R - Des populations déplacées, la moitié de la population syrienne est déplacée...
Q - Une frappe ne va pas suffire à régler le conflit évidemment, comment on sort de cette guerre et quelle est l'après, qu'est ce qui se passe après les frappes d'aujourd'hui ?
R - Après les frappes, je l'ai déjà dit ce matin, la France va être à l'initiative, à l'initiative politique au Conseil de sécurité pour permettre qu'enfin, un processus de paix puisse se mettre en oeuvre. Il y a tous les éléments sur la table pour le faire, je vous l'ai dit, dont une résolution des Nations unies votée à l'unanimité. Nous allons prendre l'initiative dans le domaine chimique pour faire en sorte qu'il y ait vraiment éradication totale de tout l'arsenal chimique de Bachar al-Assad et, donc, faire en sorte que l'OIAC nous dise : il y a encore là peut-être des entrepôts, des outils de fabrication de l'arme chimique qui restent et il faut les détruire.

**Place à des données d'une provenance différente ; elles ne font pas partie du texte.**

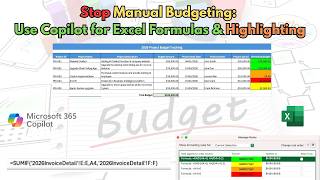 Famous Stop Manual Budgeting: Use Copilot for Excel Formulas & Highlighting Profile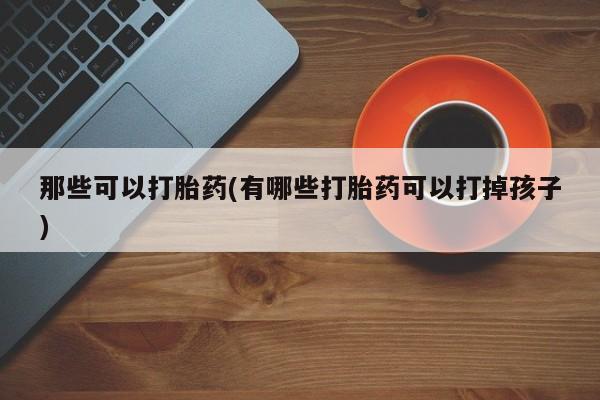 堕胎药购买方式那些可以打胎药(有哪些打胎药可以打掉孩子)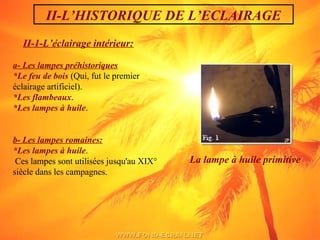 II-1-L’éclairage intérieur:
a- Les lampes préhistoriques
*Le feu de bois (Qui, fut le premier
éclairage artificiel).
*Les flambeaux.
*Les lampes à huile.
b- Les lampes romaines:
*Les lampes à huile.
Ces lampes sont utilisées jusqu'au XIX°
siècle dans les campagnes.
La lampe à huile primitive  
II-L’HISTORIQUE DE L’ECLAIRAGE
 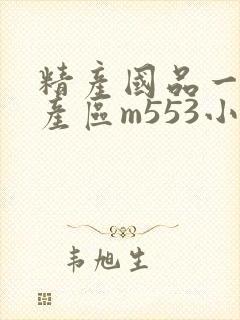 精产国品一二三产区m553小说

Q - Vous pensez qu'il y en a encore ?
R - Je pense que beaucoup a été détruit par les frappes de cette nuit, mais il faut vérifier tout. Et puis il y a aussi l'aide humanitaire, la trêve, la nécessité de faire en sorte que les populations syriennes arrêtent de souffrir. Et la trêve, ça permet aussi l'acheminement humanitaire partout. Voilà les 3 secteurs sur lesquels nous allons commencer à intervenir dès lundi : lundi matin il y a une réunion des ministres des affaires étrangères de l'Union européenne et ces sujets seront déjà sur la table.

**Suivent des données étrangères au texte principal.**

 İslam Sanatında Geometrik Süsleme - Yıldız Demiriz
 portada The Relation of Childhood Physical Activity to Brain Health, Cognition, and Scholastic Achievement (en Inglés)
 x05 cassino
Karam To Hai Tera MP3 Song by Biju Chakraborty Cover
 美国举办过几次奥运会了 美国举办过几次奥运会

Q - Et vous demandez justement le soutien des Européens, parce qu'il n'y a que les Britanniques qui sont intervenus à vos côtés avec les Américains, où est l'Allemagne, où sont les autres Européens, vous demandez le soutien de l'Europe ?

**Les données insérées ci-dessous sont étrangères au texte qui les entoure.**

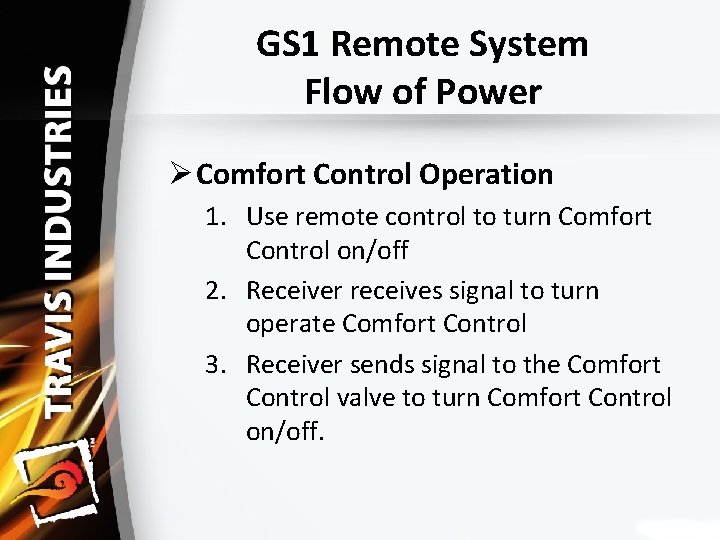 GS 1 Remote System Flow of Power Ø Comfort Control Operation 1. Use remote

R - Ils s'exprimeront je pense lundi, déjà certains commencent à le faire.
Q - Et vous attendez leur soutien ?
R - Absolument, je suis absolument certain que je l'aurai.
Q - En Syrie, dernière question Monsieur le Ministre, la réconciliation est-elle possible avec Bachar al-Assad, comment voyez-vous l'avenir de ce pays qui est détruit ?
R - Il faut mettre en place un processus de paix. Le processus de paix commence d'abord par la trêve et par l'arrêt des combats ; et ensuite par la définition d'une nouvelle constitution ; et ensuite par la mise en oeuvre d'élections. Il faut donc que tout le monde se mette autour de la table, d'abord les acteurs syriens mais aussi que les pays qui, d'une manière ou d'une autre, ont à voir avec la Syrie - et il y en a quand même un certain nombre - puissent se mettre d'accord pour qu'on engage ce processus. La France est prête à parler avec tout le monde...
Q - Vous n'avez pas peur de représailles après cette intervention de la part de la Russie ou de la Syrie ?
R - J'imagine mal que lorsque l'on met en oeuvre des résolutions des Nations unies, que l'on met en oeuvre le droit international, que l'on met en oeuvre le droit humanitaire, que l'on fasse appliquer la convention sur l'interdiction des armes chimiques qui a été votée, approuvée par 192 pays, j'imagine mal qu'il puisse y avoir des représailles sur ce point.